Try it:
Output the lines from the one containing "Купить виллу или" through the last line of the material below, exactly; please do not include pictures.
++++++++++++++++++++
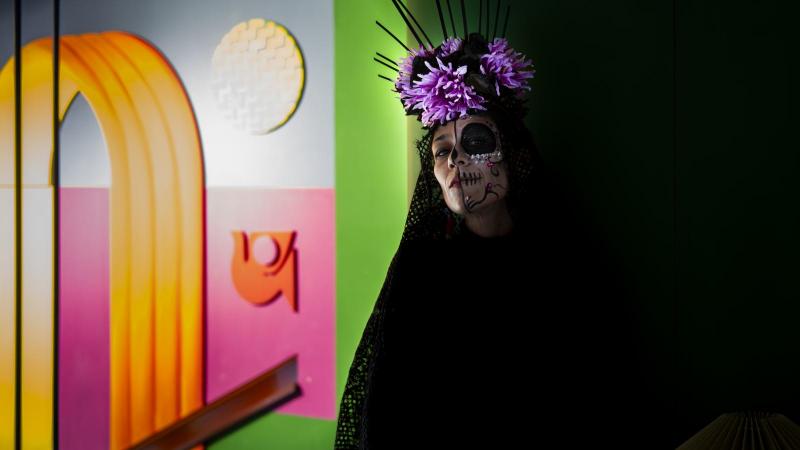 Az elhunytak emlékére nem mindenütt a szomorúság borul, hiszen vannak helyek, ahol a halál új lehetőségek kapuját nyitja meg, egyfajta új élet kezdetét jelzi.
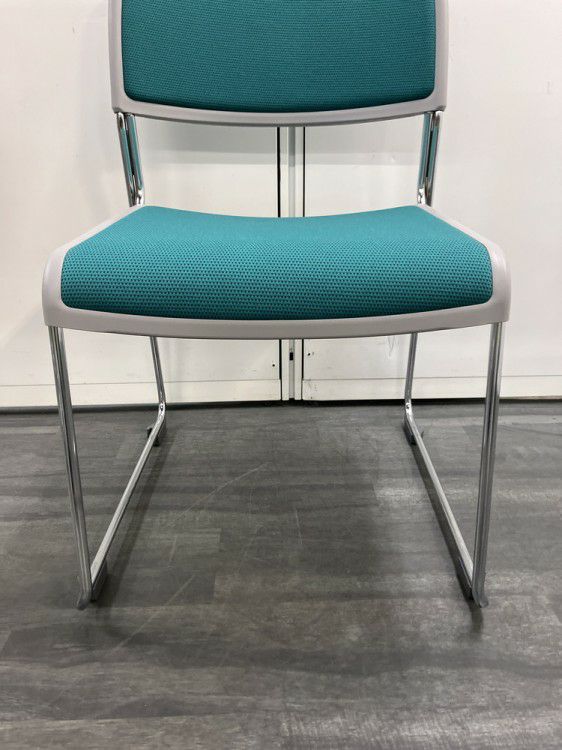 コクヨCK-890シリーズ スタッキングチェア 商品画像8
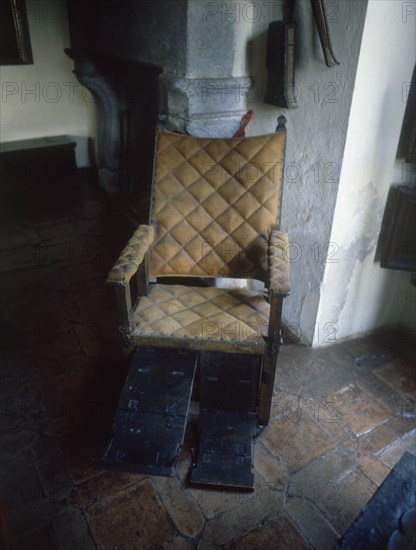 SILLA ARTICULADA IDEADA POR EL DOCTOR MATHYSIO EN EL PALACIO DE CARLOS V- S XVI
YUSTE, MONASTERIO
CACERES

This image is not downloadable. Contact us for the high res.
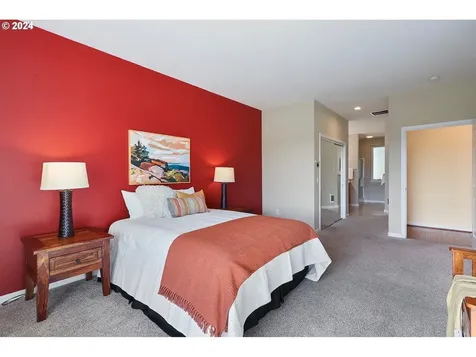 3483 Avalon Drive Hood River OR 97031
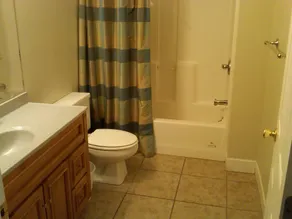 Lake Ontario Vacation Property in the Greater Niagara Region - Image 3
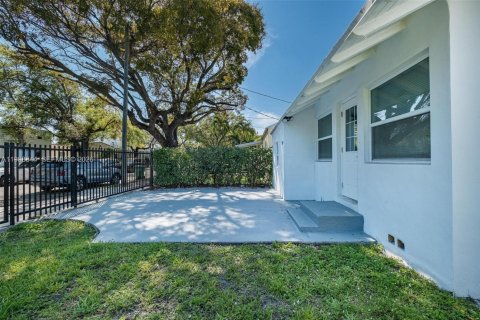 Купить виллу или дом в Майами, Флорида 3 спальни, 151.43м2, № 2052115 - фото 26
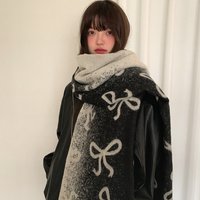 Korean version thick bowtie knitted for women in autumn winter 2024, high-end feeling, warm neck protection, scarf and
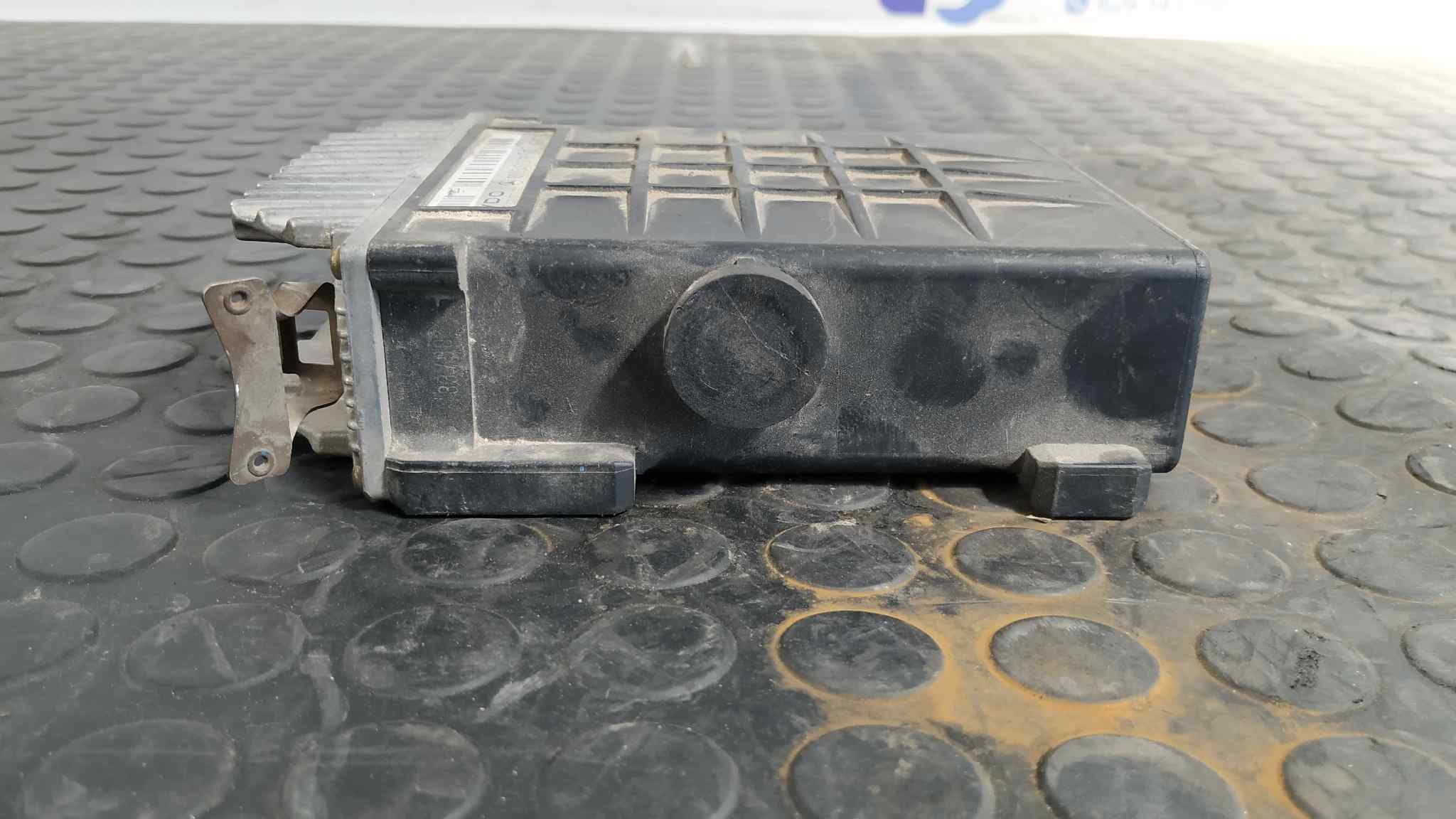 CENTRALITA MOTOR UCE MERCEDES-BENZ CLASE E (W124) - vista 4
++++++++++++++++++++
Task response:
 Купить виллу или дом в Майами, Флорида 3 спальни, 151.43м2, № 2052115 - фото 26
 Korean version thick bowtie knitted for women in autumn winter 2024, high-end feeling, warm neck protection, scarf and
 CENTRALITA MOTOR UCE MERCEDES-BENZ CLASE E (W124) - vista 4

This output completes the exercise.